You might have to go back to Andy Taylor and Barney Fife on The Andy Griffith Show to find a pair of law enforcement personnel as unencumbered by angst as the main guys on a new Netflix series called The Good Cop, which premieres Friday.
T.J. Caruso (Josh Groban, top) and his father Tony Caruso (Tony Danza, top) work for the NYPD. Well, Tony used to work for the NYPD before he spent seven years in prison after being busted in a corruption scandal.
Now, as part of his probation, he has to move in with T.J., a current NYPD detective who’s as straight as his old man was crooked.
Tony obviously has issues. For instance, he still gets some residual perks from the job, like free stuff, and he enjoys that a little too much. T.J. has issues, too, only different issues. He’s obsessive, neurotic and, accordingly, not great with women.
Neither Caruso, however, carries the kind of soul-deep burdens that seem to plague almost every other cop on television. Both are content with who they are. If they snipe at each other all the time, so what? So did Ralph and Alice Kramden.
This lack of inner torment gives a different and rather pleasant tone to The Good Cop, which otherwise plays as a traditional police procedural in which the Carusos take down a bad guy each episode.
The dirty little secret in their collaboration is that Tony isn’t supposed to have any contact with the police, or with police business. But he does live with T.J., and T.J. is prone to sharing.

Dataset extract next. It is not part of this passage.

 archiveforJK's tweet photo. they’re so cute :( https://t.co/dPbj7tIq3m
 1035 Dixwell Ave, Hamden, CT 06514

Also, setting aside the graft and corruption part, Tony was and remains a great cop.
He’s got an instinct for looking at a situation and figuring out what happened, and while T.J. seems to have inherited that gene, it never hurts to have an extra pair of skilled eyes.
Besides, the more time Tony spends helping T.J. solve crimes and nail bad guys, the less time he has to go trotting off down the street with the devil who whispers in his other ear.
The two primary support characters in The Good Cop are Cara Vasquez (Monica Barbaro, left) and Burl Loomis (Isiah Whitlock Jr., left), T.J.’s police partner.
Burl, who’s a year and a half from retirement, prefers the sedentary life to, say, a cop’s life. We want him around, though, because he’s got a great droll wit, especially when it’s directed at the office’s young and annoying tech geek.
Cara is Tony’s parole supervisor. She also aspires to become a detective, so she becomes a regular presence in the Caruso lives. This may sound like a setup for Cara and T.J. becoming an item, but given his rigid approach to everything in life, that would take some time and some work.
There could also be one other potential long game in The Good Cop. Seems Tony’s wife and T.J.’s mother, Connie, went missing four years ago, and while Tony is resigned to her being gone, T.J. still keeps the “missing person” posters fresh on local lampposts.
Meanwhile, the case-of-the-week plotlines in The Good Cop move along at a rapid clip. At a time when TV is packed with limited series crime shows where cases unfold slowly over many weeks, The Good Cop sorts out and solves complicated puzzles rather quickly. Which is fine. It’s not The Sinner or Sharp Objects. It works for the kind of show it is.
Danza, to the surprise of no one, is Danza. We know the character. He stays in the pocket. He does what he does.
Groban, better known as a singer, acquits himself adequately as an actor in a role that doesn’t require a lot of tough stretches.
Barbaro and Whitlock Jr. both fill their roles nicely, again given that we’re not talking about Othello here.
The Good Cop was created by Andy Breckman, who specializes in comedy and whose best-known previous show was the quirky Monk. He said he was after a lighter cop show that still had some substance, and the early episodes suggest he’s on track.